Correlation between sarcopenia in mice and D‐gal‐induced myoblast senescence with decreased SIRT1 levels and autophagy activity. (a) Protein–protein docking: Illustration of the interaction between EEF1E1 and SIRT1. (b) Experimental groups and training protocols: Aged mice were categorized into sedentary (A‐Sed), moderate‐intensity continuous training (A‐MICT) and high‐intensity interval training (A‐HIIT) groups, each undergoing a 4‐week training programme. Young mice served as the normal control group (Young). Electron microscopy of skeletal muscle samples: Transmission electron microscope images highlighting damaged mitochondria (yellow arrows) and autophagy vesicles (av); scale bars = 2 or 1 μm.

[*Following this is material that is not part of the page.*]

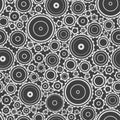 Many different gears. Different sizes and frames. Seamless background. Pattern-substrate for men. Royalty Free Stock Photo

Protein expressions of SIRT1, pAMPK, AMPK, LC3I, LC3II, p62, pULK and ULK in muscle tissues were analysed (n = 6). (c) Cellular immunofluorescence in muscle cells: Following transfection with Eef1e1‐siRNA (si‐Eef1e1) or control‐siRNA (si‐NC) and treatment with D‐gal or phosphate‐buffered saline (PBS), cells were stained for LAMP and LC3; scale bar = 100 μm (n = 6). (d) Protein expression analysis in transfected cells: Levels of SIRT1, pAMPK and AMPK were determined (n = 3). Then, following transfection with si‐Eef1e1 or si‐NC and treatment with phosphate‐buffered saline (PBS) or bafilomycin A1 (BafA1), LC3I, LC3II and p62 protein expression were determined (n = 3). (e) Cellular immunofluorescence post‐treatment: Following incubation with PBS, BafA1, rEEF1E1 protein or Eef1e1 plasmid transfection, LAMP and LC3 staining were conducted; scale bar = 100 μm (n = 6). (f) Protein expression post‐treatment: Quantification of SIRT1, pAMPK, AMPK, LC3I, LC3II and p62 levels (n = 3). Data are presented as the mean ± SD. For (b), an independent two‐tailed t‐test was used for comparisons between the Young and A‐Sed groups. For (c–f), ANOVA with Bonferroni multiple comparison test was used for the comparisons.